PDF(Pubmed)
Abstract:
Microinjection of CRISPR/Cas9 requires the availability of zygotes that implies animal breeding, superovulation schemes, and embryo collection. Vitrification of zygotes may allow having ready-to-use embryos and to temporally dissociate the workload of embryo production from microinjection. In this study, fresh (F group) or vitrified (V group) zygotes were microinjected with CRISPR/Cas9 system to test the hypothesis that vitrified zygotes could be a suitable source of embryos for microinjection. In Experiment 1 (in vitro evaluation), B6D2F1/J zygotes were microinjected and cultured until blastocyst stage. Embryo survival and cleavage rates after microinjection were similar between groups (~50% and ~80% respectively; P = NS).
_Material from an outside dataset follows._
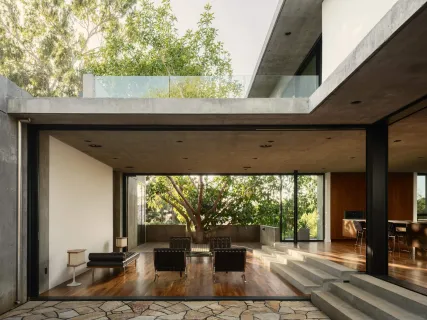 a living room with furniture a large window and wooden floor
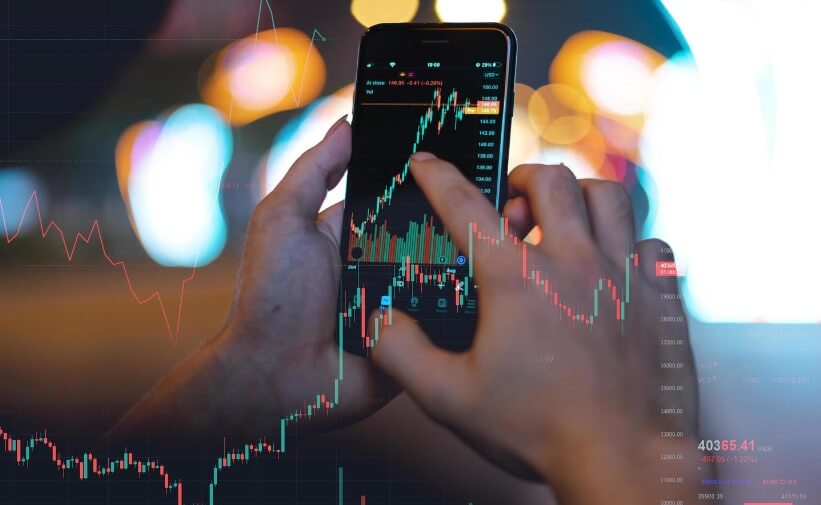 hand holding out phone taping on screen showing trading chart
Development rate was significantly higher for F than V group (55.0% vs. 32.6%, respectively; P<0.05). Mutation rate did not show statistical differences among groups (P = NS). In Experiment 2 (in vivo evaluation), C57BL/6J zygotes were microinjected and transferred to recipient females. Embryo survival was significantly lower in fresh than in vitrified zygotes (49.2% vs. 62.7%, respectively; P<0.05). Cleavage rate did not show statistical differences (~70%; P = NS). Pregnancy rate (70.0% vs. 58.3%) and birth rate (11.9% vs. 11.2%) were not different between groups (F vs. V group; P = NS). Offspring mutation rate was higher for F than V group, in both heterodimer analysis (73.7% vs. 33.3%, respectively; P = 0.015) and Sanger sequencing (89.5% vs. 41.7%, respectively; P = 0.006). In conclusion, vitrified-warmed zygotes present a viable alternative source for CRISPR/Cas9 microinjection when the production of fresh embryos is impeded by limited technical support. The possibility of zygote cryobanking to perform microinjection sessions on demand seems to be a suitable alternative to avoid the breeding and maintenance of animals all over the year, enhancing the implementation of CRISPR technology.
摘要:
CRISPR/Cas9的显微注射需要受精卵的可用性,这意味着动物育种,超数排卵计划,和胚胎收集。受精卵的玻璃化可以允许具有即用型胚胎,并在时间上将胚胎生产的工作量与显微注射分离。在这项研究中,用CRISPR/Cas9系统显微注射新鲜(F组)或玻璃化(V组)受精卵,以检验玻璃化受精卵可能是显微注射胚胎的合适来源的假设。在实验1(体外评估)中,将B6D2F1/J受精卵显微注射并培养直至胚泡期。显微注射后的胚胎存活率和卵裂率在组间相似(分别为~50%和~80%;P=NS)。F组的发育率明显高于V组(55.0%vs.32.6%,分别;P<0.05)。组间突变率无统计学差异(P=NS)。在实验2(体内评估)中,将C57BL/6J受精卵显微注射并转移至受体雌性。新鲜受精卵的胚胎存活率显着低于玻璃化受精卵(49.2%vs.62.7%,分别;P<0.05)。卵裂率无统计学差异(~70%;P=NS)。妊娠率(70.0%vs.58.3%)和出生率(11.9%vs.11.2%)组间没有差异(Fvs.V组;P=NS)。F组后代突变率高于V组,在两种异源二聚体分析中(73.7%vs.33.3%,分别为;P=0.015)和Sanger测序(89.5%vs.41.7%,分别为;P=0.006)。总之,当有限的技术支持阻碍了新鲜胚胎的产生时,玻璃化加热的受精卵为CRISPR/Cas9显微注射提供了可行的替代来源.合子冷冻保存按需进行显微注射的可能性似乎是避免一年四季动物繁殖和维持的合适选择,加强CRISPR技术的实施。